With the configuration as described previously, dioxins and the like are almost completely eliminated of the dechlorination residue evacuated from the elimination unit (32a) of dioxins Consequently, almost no dioxin or the like is it contains, not only in water-insoluble components, but also in the remaining aqueous solution (1).

In addition, the configuration could be adopted, such as is shown in figure 3, in which the eliminating unit of Dioxins (32) are disposed downstream of the pH regulating tank (28), and the dioxin eliminating unit (32a) is disposed between the second dust collector (16) and the dissolution tank (22). That is, dioxins and the like can be eliminated almost by complete by means of the dioxin eliminating unit (32a). Yes there is a problem of dioxins and the like that remain after removal, the dioxin eliminating unit (32) completely eliminates dioxins and the like after adjustment of pH.
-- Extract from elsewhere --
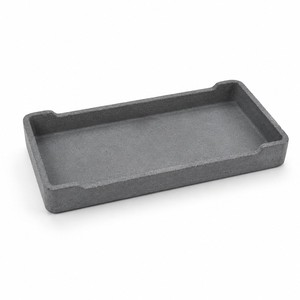 Silicon Carbide Rectangular Refractory <strong>Tray</strong> High Temperature Firing Support Custom Composition Industrial Kiln Furniture - Product Image 1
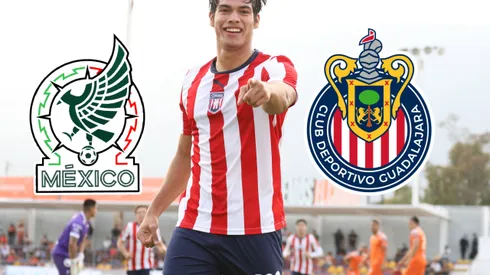 Luis Puente está brillando en Tapatío y ahora con Selección Sub 20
The configuration can also be adopted as is represented in figure 4, in which a mixer (35) and a crusher (18) as means to crush the sodium hydrocarbonate and mix the anti-caking agent hydrophilic In general, as g1 sodium hydrocarbonate has a average particle diameter within a range between 50 \ mum and 270 \ mum, the process includes the steps of adding hydrophilic silica, which has an average particle diameter inside from a range of 0.001 µm to 1 µm as the agent g2 hydrophilic anti-caking agent in an amount of 0.1% by mass at g1 sodium hydrocarbonate, to mix sodium hydrocarbonate g1 and the g2 anti-binding agent in the mixer (35), to be ground the resulting mixture to an average particle diameter within a range of 2 µm to 30 µm in the breaker (18), to generate thus, the sodium-based dechlorination agent g. The latter is add to the gas of the G6 smoke channel, whose dust f1 has been evacuated by the first dust collector (14). Sodium hydrocarbonate crushed to an average particle diameter within a range between 2 \ mum and 30 \ mum, because its particle is fine, reacts from the surface of the particle to the part interior, and has a property of good adhesion to the fabric Bag filter filter. Thus, a guarantee is guaranteed. satisfactory utilization efficiency.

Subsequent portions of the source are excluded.